La grande récession de ces dernières années a encore fragilisé la situation de la majorité de la population, mais pour les plus riches le trouble ne fut que passager : leurs revenus et patrimoines sont nettement repartis à la hausse sous les présidences Obama. Au-delà de ses coups de menton racistes, nationalistes et sexistes, Donald Trump a convaincu qu’il pouvait tourner la page de la stagnation [1] en rompant avec la doctrine des Républicains sur la question du déficit budgétaire et du libre-échange, avec en ligne de mire des taux de croissance de 3 à 4% et la création d’emplois industriels en masse.
Comment compte-t-il s’y prendre ? Peut-il y parvenir ? Beaucoup d’incertitudes demeurent, mais trois idées donnent la tonalité de la partition qui va être jouée en matière de politique économique.
L’équipe de Donald Trump comprend davantage de milliardaires qu’aucun gouvernement étasunien n’en a jamais connu : leur richesse cumulée dépasse celle des 43 millions de foyers étasuniens les moins bien lotis, soit plus du tiers des ménages du pays [2]. Avec un tel casting, la première priorité est sans surprise de rendre les riches euphoriques.
Donald Trump a trouvé sur ce point un terrain d’entente avec le président de la chambre des représentants, Paul Ryan, en annonçant la plus grande réformes fiscale depuis Ronald Reagan. Celle-ci devrait conduire à une baisse du taux marginal d’impôt sur le revenu à 33% – contre 36% aujourd’hui et 70% en 1981… – , à une réduction de l’ordre de moitié du taux de l’impôt sur les sociétés et à une amnistie fiscale pour les fonds accumulés à l’étranger par les multinationales. Ces dernières mesures, couplées à une dérégulation tous azimuts, vont augmenter massivement les profits nets des entreprises et favoriser le rapatriement d’une part des capitaux.
Pour la nouvelle équipe, cette manne va permettre de relancer l’activité et, au bout du compte, soutenir l’emploi et les salaires. Mais rien ne garantit que cet afflux d’argent ira vers l’investissement plutôt que vers les actionnaires. Les grandes firmes de la technologie, par exemple, n’ont aucun problème à financer leur développement ; si elles n’investissent pas davantage, c’est qu’elles ne trouvent pas d’opportunités suffisamment profitables à leurs yeux. Ramener aux Etats-Unis les 650 milliards de dollars qu’elles détiennent à l’étranger ne changera rien au problème. Cela pourrait même générer des suppressions d’emplois si cette masse de cash était utilisée pour financer des opérations de fusion-acquisition qui se traduisent généralement par l’élimination des redondances de personnel [3].
Le second ingrédient est un méga plan d’investissement de 1000 milliards de dollars dans les infrastructures [4]

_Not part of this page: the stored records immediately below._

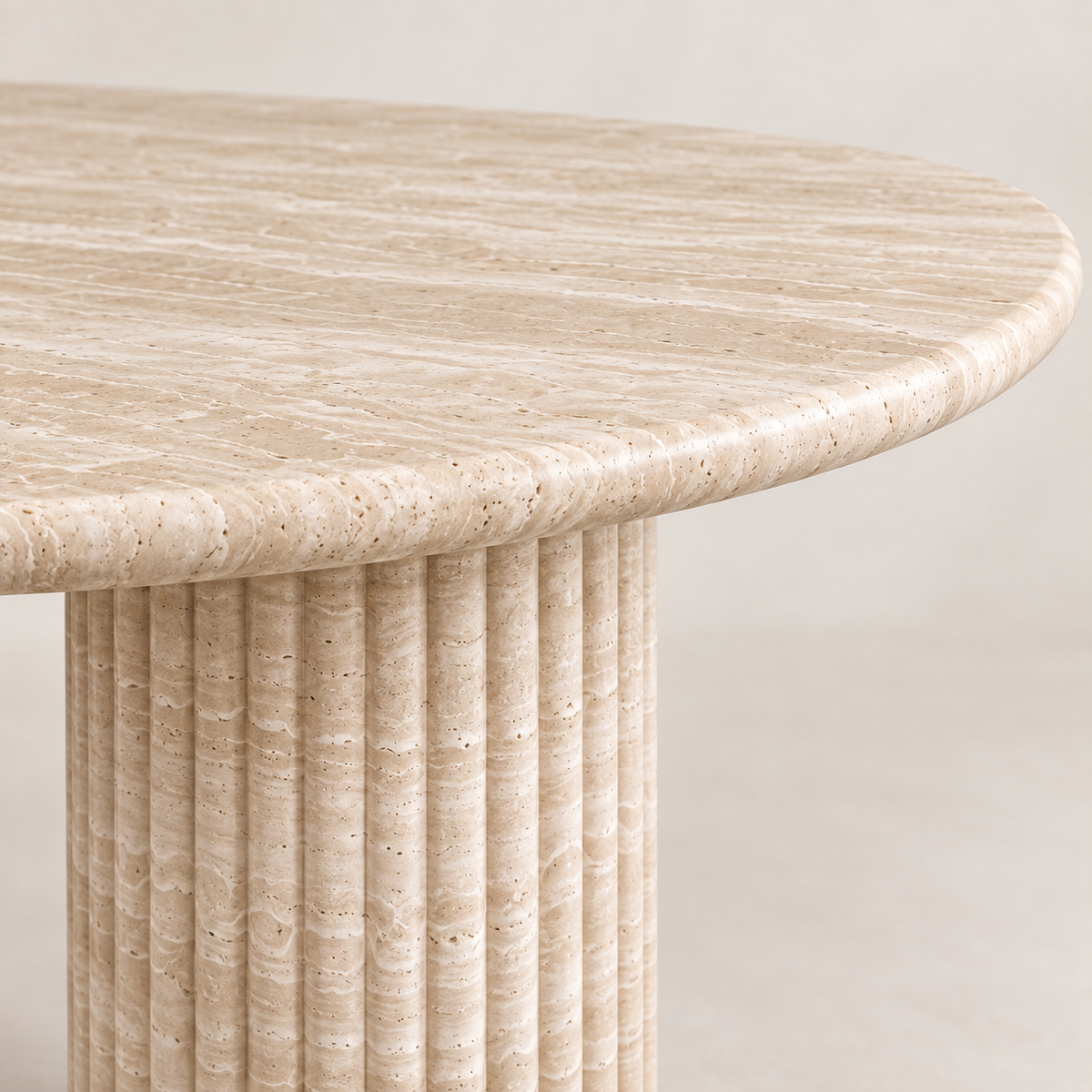 Close-up of the Light Beige Travertine tabletop edge and fluted cylindrical pedestal detail.
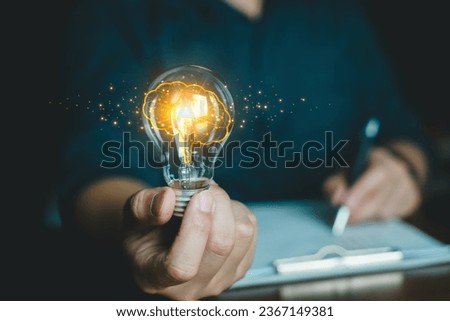 Concept Idea and Artificial Intelligence. AI, machine learning, Abstract, People holding Glowing colorful brain circuit in light bulb processing, deep learning, innovation Science and technology.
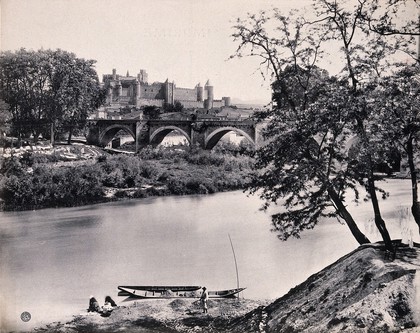 Carcassonne, France: the walled city and bridge over the Aude river; women wash laundry on the river bank and a man shovels grit into a narrow boat. Process print by Bauer, Marchet & C.ie after a photograph.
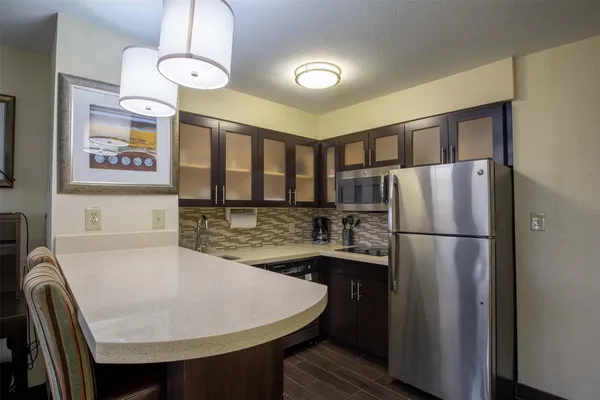 a kitchen with stainless steel appliances granite countertop a refrigerator a sink a stove and a dining table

. Un tel plan pourrait s’avérer fort utile étant donné la vétusté notoire des équipements publics aux Etats-Unis. Bien que les détails ne soient pas arrêtés, la philosophie de ce programme est bien établie. Il ne s’agit donc pas à proprement parler de financer par la dette publique des infrastructures venant renouveler le patrimoine national mais simplement, via des crédits d’impôts, d’augmenter les profits privés sur des opérations qui de toutes façons doivent être rentables.

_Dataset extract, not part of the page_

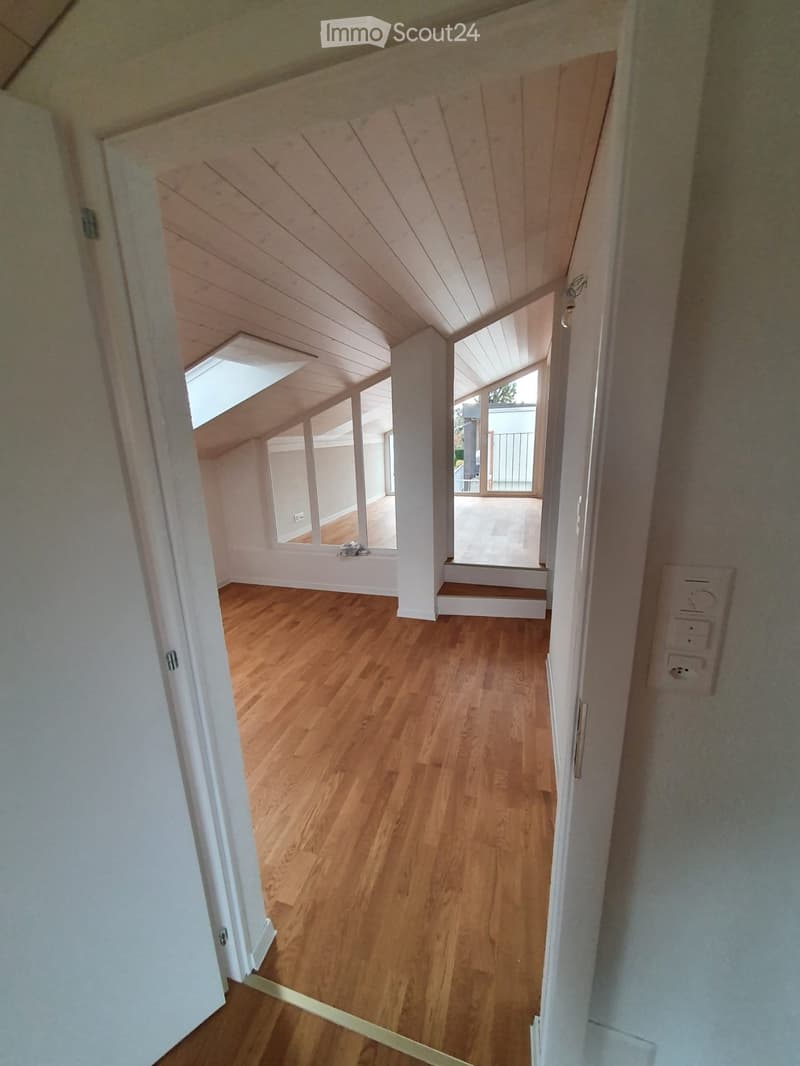 Empty hallway with wooden flooring, white walls, and multiple doors leading to rooms with large windows and skylights.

Remettre en état les 60 000 ponts qui tombent en ruine, les digues fragilisées, les écoles délabrées sont autant d’exemples d’opérations difficilement privatisables et qui ne devraient pas être concernées. En revanche, les sociétés de private equity comme Carlyle ou KKR et les fonds pilotés par les grandes banques comme Goldman Sachs sont sur les starting blocks pour prendre possession de réseaux d’eau, d’autoroutes à péages, d’aéroports, de barrages mais aussi pour construire de nouveaux pipelines, creuser des tunnels et densifier les réseaux de télécommunications…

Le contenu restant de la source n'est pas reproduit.